Thanks to the U.S. shale revolution, which has allowed energy producers to coax oil from previously unreachable shale formations through the application of hydraulic fracturing and horizontal drilling, the nation's oil production has surged 50% over the past five years.

In fact, the United States is on track to surpass Russia as the world's No. 2 oil-producing nation by next year, according to the International Energy Agency. Let's take a closer look at two key shale plays and companies that are driving this phenomenal surge in output.

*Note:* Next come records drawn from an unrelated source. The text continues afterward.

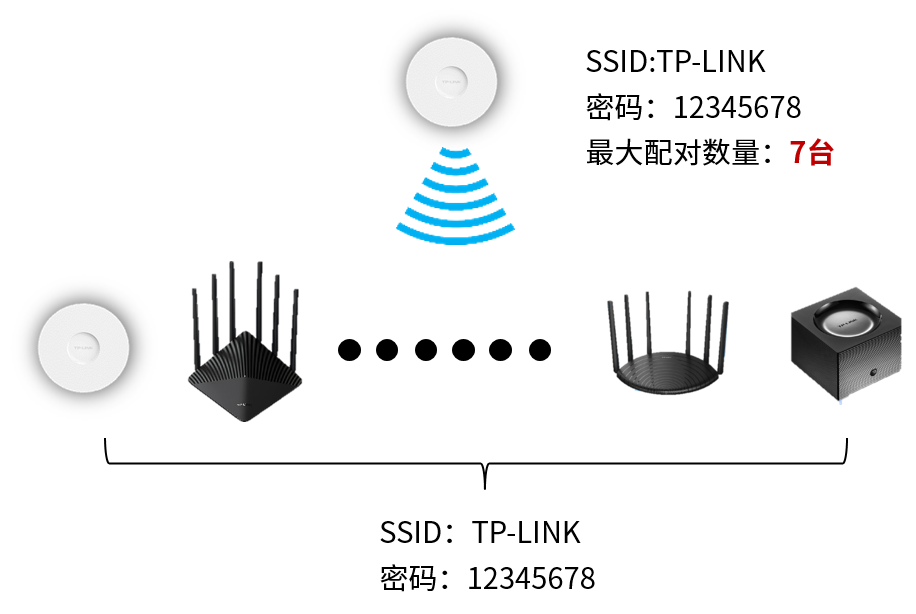 TPLINK设备：关于使用易展AP的十大常见问题解答  第4张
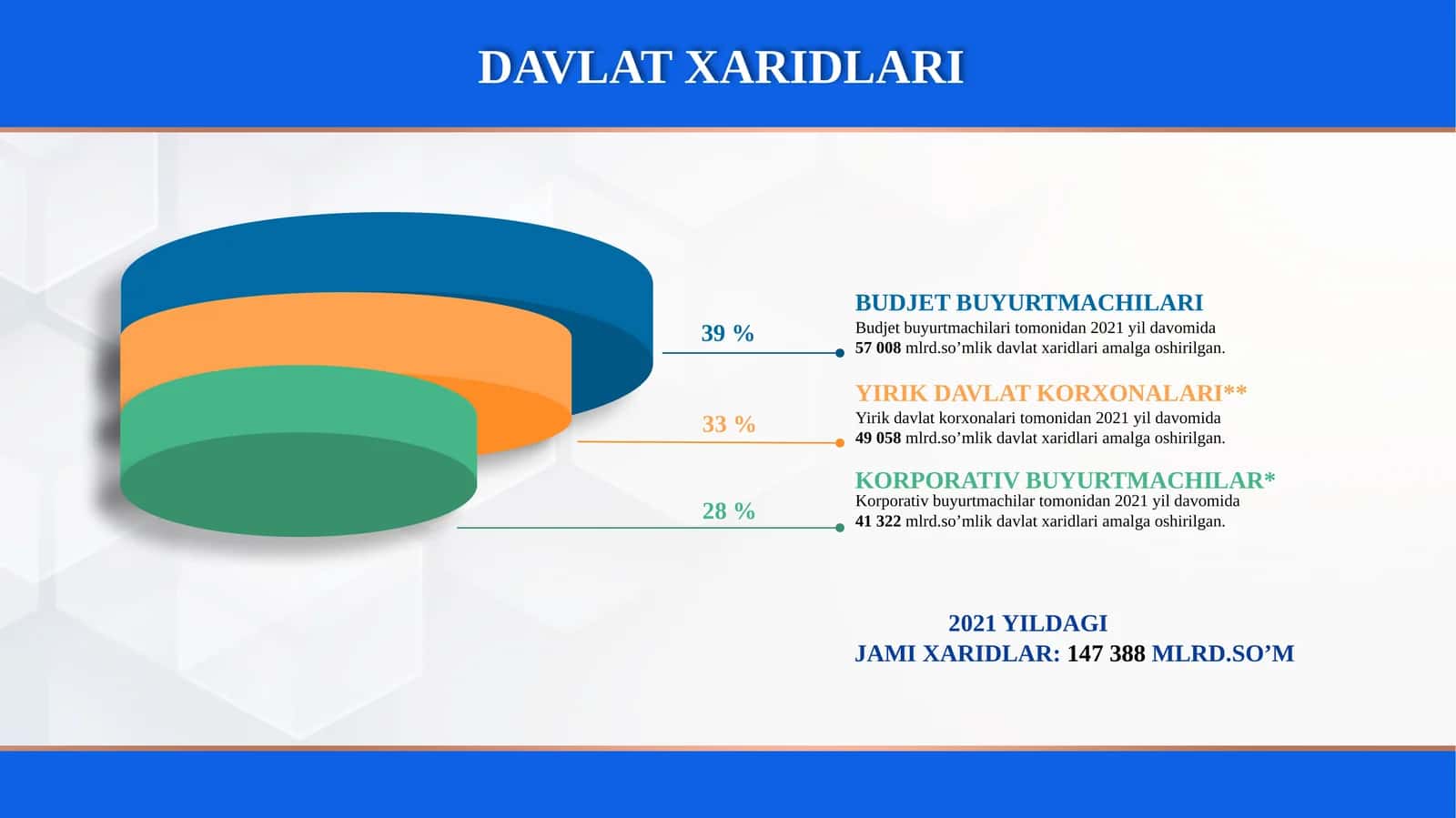 DAVLATХARIDLARI 1
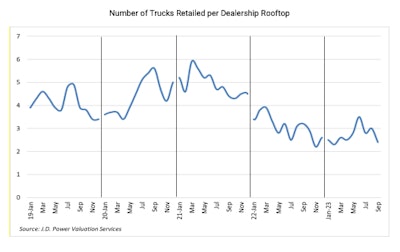 A chart showing the average number of trucks sold per rooftop.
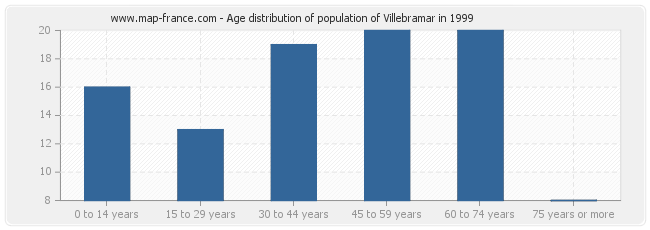 Age distribution of population of Villebramar in 1999
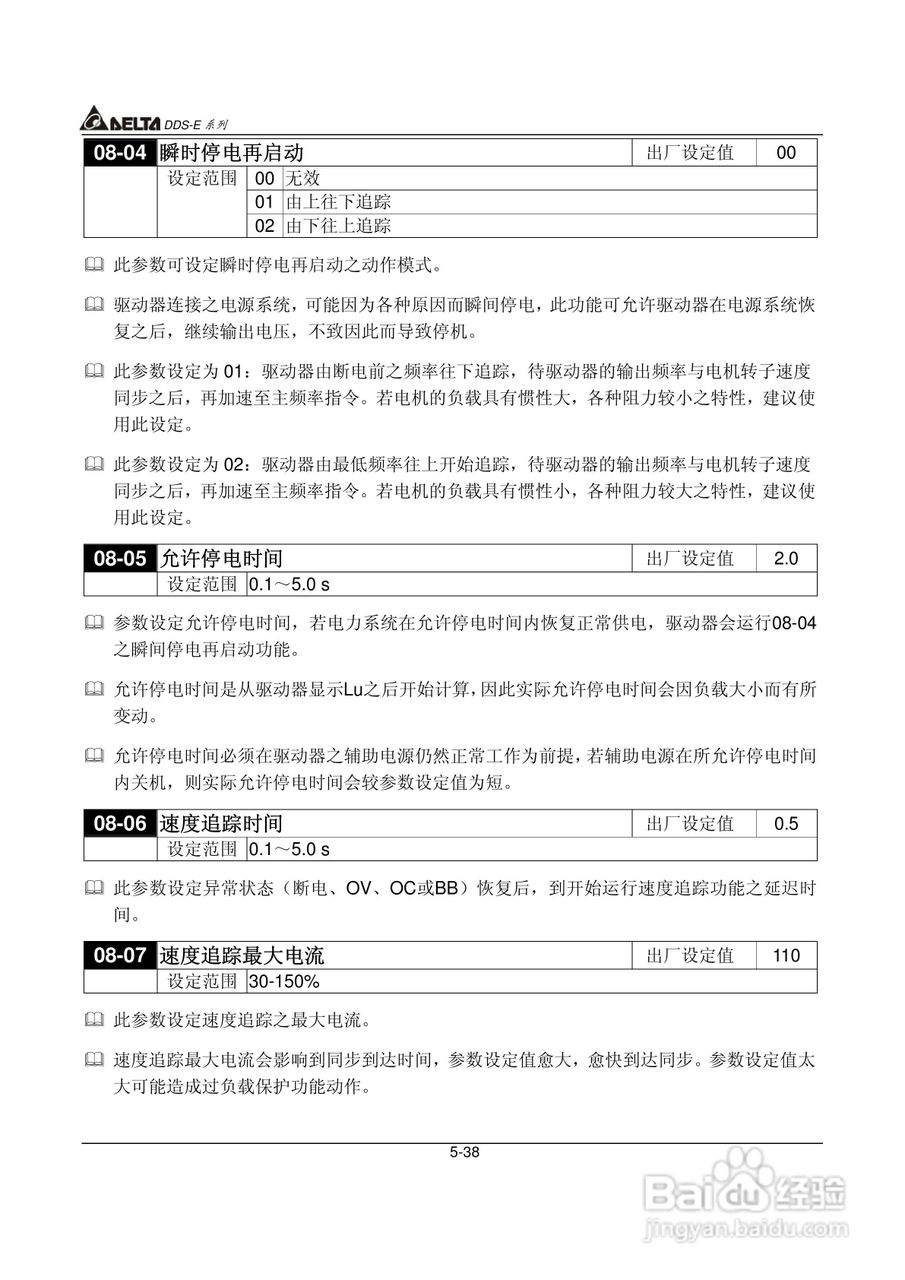 DDS-E专用型交流电机驱动器使用手册:[7]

North Dakota's Bakken shale
Most of the companies fueling this rapid growth in U.S. oil production have significant positions in plays such as the Bakken shale of North Dakota, the Permian Basin of West Texas, and the Eagle Ford shale of South Texas.

In the Bakken, one of the most prolific shale plays ever discovered, oil production continues to set new records. In August, North Dakota's portion of the play pumped out 847,150 barrels a day, up 4.3% from a previous high recorded in July. Kodiak Oil & Gas (NYSE: KOG), whose assets are almost exclusively located in the Bakken, and Halcon Resources (HK), which commands 150,000 net acres in the play, are two companies driving this growth.

Last year, Kodiak reported oil production growth of 250% as its total sales volumes ballooned to 4.7 million barrels from just 1.34 million in 2011. This year, its second-quarter output reached an impressive 34,000 barrels of oil equivalent per day, thanks to cost reductions through continued efficiency improvements. Encouraged by these results, Kodiak raised its 2013 production forecast to a range of 30,000-34,000 BOE per day -- a target that appears readily achievable if the company can continue driving down operating costs through further optimization of its drilling program.

Similarly, Halcon Resources grew oil production last year by a remarkable 173.2% year over year, a feat it hopes to repeat this year by spending roughly $1.2 billion on drilling and completing wells. In the second quarter, it was producing about 35,000 barrels of oil equivalent per day, thanks to continued success in modifying both drilling and completion practices. Going forward, the company plans to spend roughly $1.2 billion on drilling and completing wells this year, with a particular focus on its Bakken acreage.

Texas' Eagle Ford shale
Along with the Bakken, dozens of companies including Chesapeake Energy (CHKA.Q) and ConocoPhillips (COP 0.10%) are seeing phenomenal success in the Eagle Ford, a highly sought-after shale oil play. In June, output from the play jumped 60% year over year to 617,884 barrels of crude a day, according to data from the Texas Railroad Commission.

During the second quarter, Chesapeake pumped roughly 85,000 barrels of oil equivalent per day from the play, which represents a staggering 135% year-over-year increase in output. The company views Eagle Ford as one of its core drivers of oil production growth and is allocating the largest portion of its capital budget for the year to drilling and completions in the play. In combination with its asset sale program and cost-cutting strategy, Chesapeake hopes that success in the Eagle Ford will help keep capital spending within its cash flow this year for the first time in several years.

Similarly, ConocoPhillips produced roughly 121,000 barrels per day from the the Eagle Ford during the second quarter, almost double its output during the same period last year. Like Chesapeake, the company has been aggressively divesting less profitable assets and plans to concentrate the largest portion of its capital this year on onshore U.S. liquids plays, including the Eagle Ford, the Permian Basin, and the Bakken, which are expected to account for about 60% of the 3%-5% annual production growth the company is shooting for over the next several years.

Years of oil production growth
The surge in U.S. oil production in recent years, driven by some of the above-mentioned companies, has truly transformed the global oil markets.

Not only has it been a boon for U.S. refiners, many of which have benefited from the deep discount between the price of domestic and foreign crudes, but it has also significantly reduced American oil imports. As long as oil prices remain high and shale well decline rates remain under control, investors can expect U.S. oil production to continue to grow robustly for several more years.